Grocery Prices of the Past

These 1940’s grocery prices are from the website.

It won’t be easy matching the prices in the above ad. Try finding coffee for 19 cents a pound today or two boxes of Wheaties for the same 19 cents.





A Chicago restaurant featured a deluxe Thanksgiving dinner for a $1.


If you’ve priced Thanksgiving dinners lately you will know the above ad offered a real bargain compared to the prices being charged today for Thanksgiving dinners.

The dinner included roast young Vermont turkey, cranberry sauce and all the trimmings. Try finding this deal at your nearest Holiday Inn restaurant this next Thanksgiving or your nearest Krogers grocery store.
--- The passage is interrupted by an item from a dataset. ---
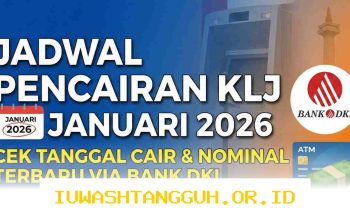 Informasi Lengkap Mengenai Jadwal dan Prosedur Pencairan Dana KLJ Jakarta Tahun 2026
These prices are from a 1930’s grocery ad.


Back in the 1930’s you could purchase ten pounds of sugar for only 47 cents and a quart jar of mustard for 15 cents.

In addition buyers back then had their choice of two pounds of lard or a can of peaches for 15 cents.





Author: Andrew Godfrey

Retired from newspaper work after 38 years. Had served in the Army in Hawaii and Vietnam in the 60's. Am now retired and living in Sulphur, Louisiana.
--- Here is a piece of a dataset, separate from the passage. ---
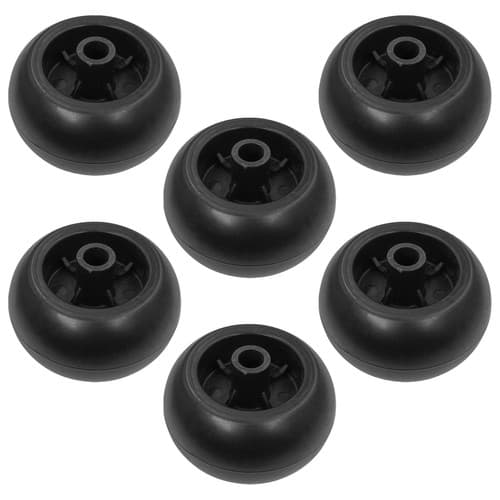 74" Deck Wheel Roller for Dixie Chopper Xcaliber 3574KW35 4074VGE40 / 300365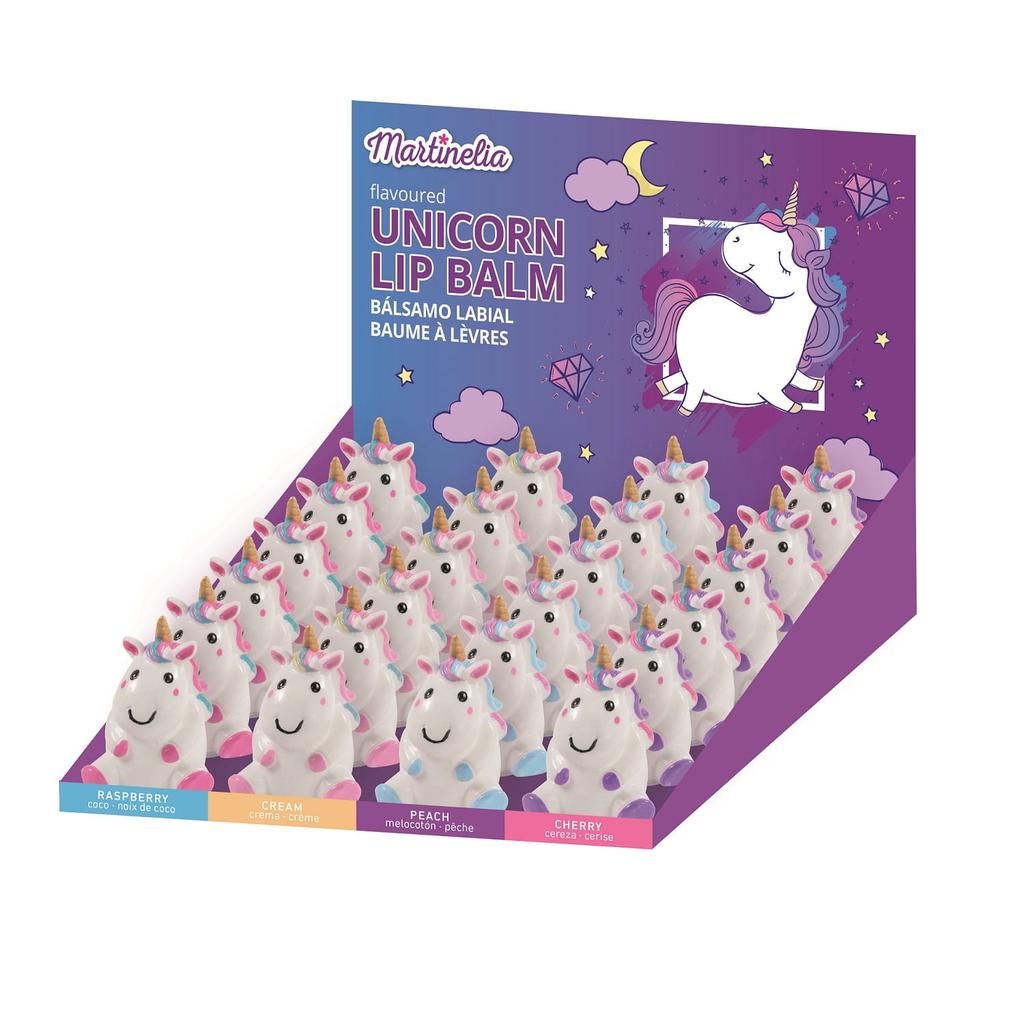 MARTINELIA Balsam Do Ust Dla Dzieci Unicorn 1 Szt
11 thoughts on “Grocery Prices of the Past”

  1. I love looking at ads of the past. Even without looking at the prices, there’s something about the fonts, the pictures and the layout that just strikes you of yesteryear…

    1. Having worked in newspapers back in the days of those ads from 1966 I can remember placing these ads in the page forms many times over the years.
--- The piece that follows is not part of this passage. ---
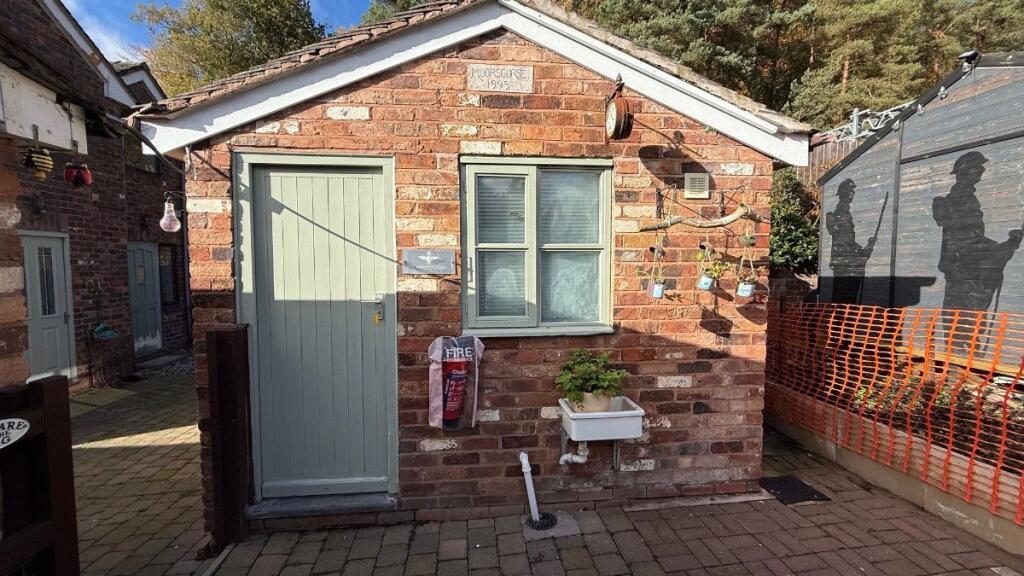 Main image of property: Officers Mess, Crossing Cottage,WS15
      Nowadays grocery ads are preprinted in faraway cities so the major chains have no reason to publish an ad except in the form of preprinted grocery sections.

  2. Those prices look good, but remember you were only making maybe 50 cents an hour then. My first “real” job in 1958 paid $1.10 an hour.

  3. I worked in the Steel Mill in Youngstown,Ohio in 1948 made $1.71 per hour that was union wages $136.80 every two weeks B-4 taxesthat is $1641.60 a year.My first job in 1943 was .20 cents an hour I was 13.

    1. I was paid $1.40 an hour in 1966 in my first job. You were making 31 cents more an hour than me in 1948, so were way ahead of me. That shows it pays to be in an union. Our CEO didn’t like unions, so when there was talk of one once, he completely freaked out.